§ Provided material
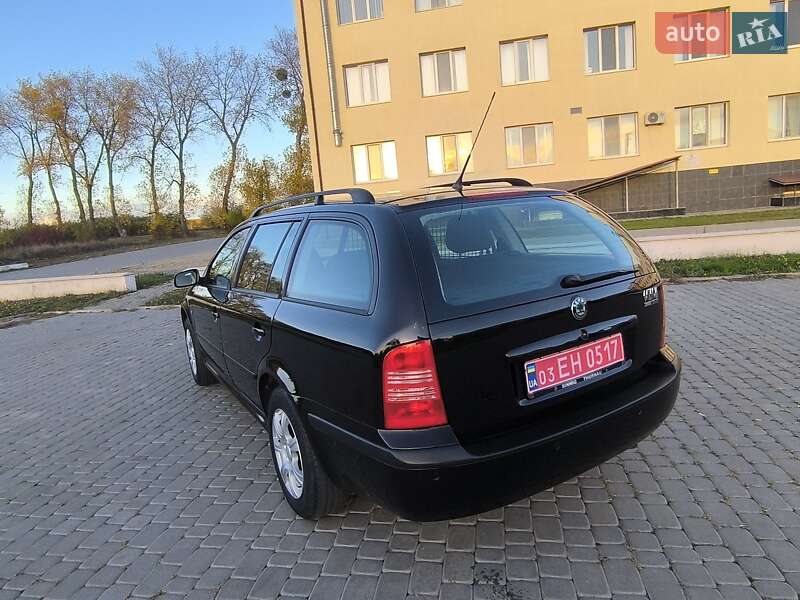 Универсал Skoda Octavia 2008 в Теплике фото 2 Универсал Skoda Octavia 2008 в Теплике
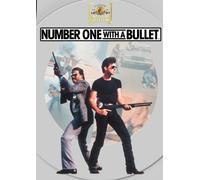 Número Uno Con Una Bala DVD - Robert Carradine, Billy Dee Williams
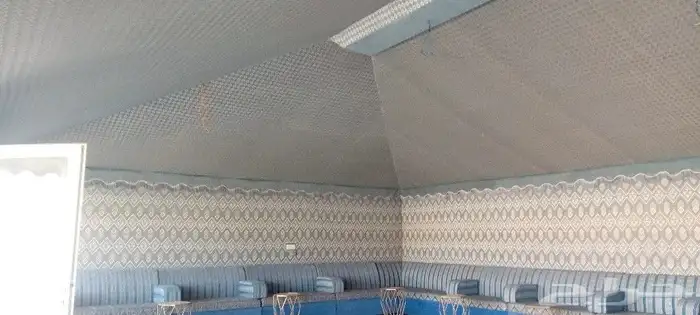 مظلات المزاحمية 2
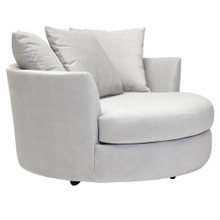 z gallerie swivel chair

§ Task to carry out
The answer should consist of every line above, exact and free of images.

§ Written response
 Универсал Skoda Octavia 2008 в Теплике фото 2 Универсал Skoda Octavia 2008 в Теплике
 Número Uno Con Una Bala DVD - Robert Carradine, Billy Dee Williams
 مظلات المزاحمية 2
 z gallerie swivel chair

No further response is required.